What would you guys say is the best base for a swing set these days? Should I just use regular bagged mulch from the box stores? Or would sand be a better option?


----------



## stotea (Jul 31, 2017)

Mulch will need to be replenished periodically, whereas sand mostly a one-and-done. Mulch also has the chance of giving splinters. Sometimes cats think sandboxes are giant litter boxes, though. When I was a child and still today as a tall child, I prefer sand simply because playing with trucks in a sandbox is awesome. :mrgreen:


----------



## LIgrass (May 26, 2017)

Cool thanks. The set is being installed this weekend. Should I put the material down before or after install ?


----------



## ctrav (Aug 18, 2018)

Rubber mulch last longer and cushions the fall . Not to mention critters and cats love the sand.

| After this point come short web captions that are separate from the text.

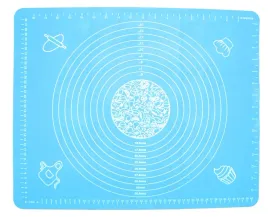 stolnica-silikonowa-mata-kuchenna-z-miarkami-podkladka-50x40cm-4654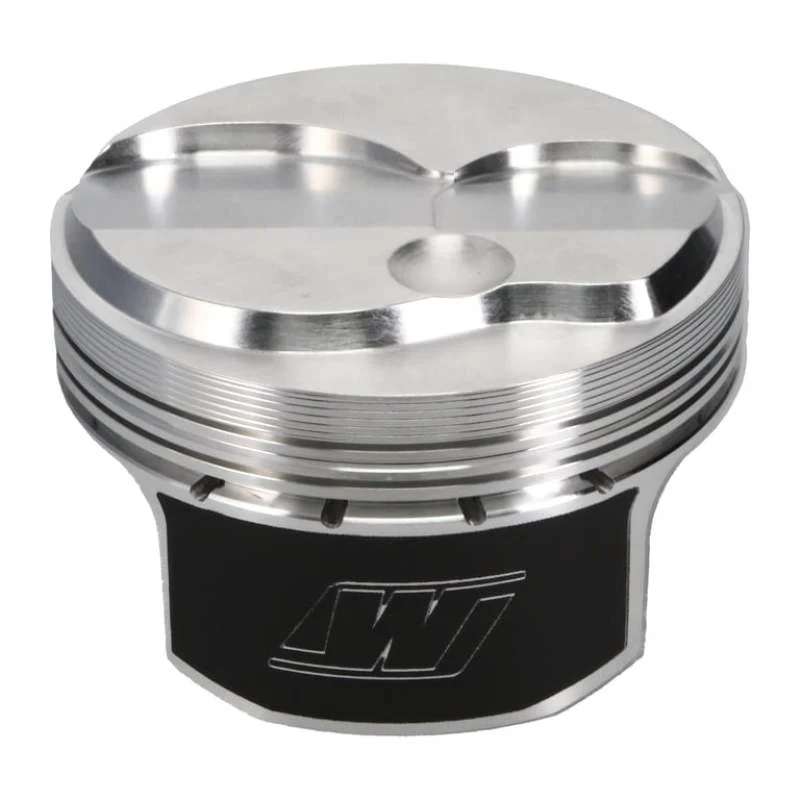 Wiseco Chevy LS Series +9cc Dome 1.311x4.005 Pistons Shelf Stock - Image 10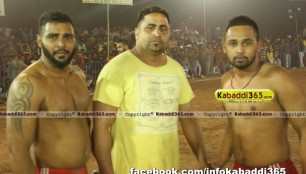 dher_(haryana)_kabaddi_tournament_7_dec_2015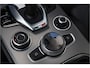 Alfa Romeo Stelvio 2.0 Veloce Q4 1e eig Zeer rijk uitgerust Dealer ondh. Garantie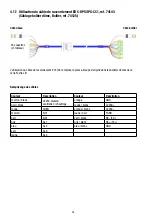 Preview for 28 page of Eneo EDC-AKS1 Installation And Operating Instructions Manual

https://www.lowes.com/pd/Rubberific-0-8-cu-ft-Dark-Brown-Rubber-Mulch/3199901


----------



## TN Hawkeye (May 7, 2018)

ctrav said:


> Rubber mulch last longer and cushions the fall . Not to mention critters and cats love the sand.
> 
> https://www.lowes.com/pd/Rubberific-0-8-cu-ft-Dark-Brown-Rubber-Mulch/3199901


I used rubber mulch under the playset I built at our old house. It is expensive but really was nice. You have to watch for metal though. Where they grind up the tires sometimes some of the metal webbing will get left in the mix. It can get a little hot during the summer too. If I had to do it again I would probably use something other than rubber. It takes a lot to get the 6" depth they recommend.


----------



## stotea (Jul 31, 2017)

LIgrass said:


> Cool thanks. The set is being installed this weekend. Should I put the material down before or after install ?


Definitely after. The set will need to be anchored into the ground.


----------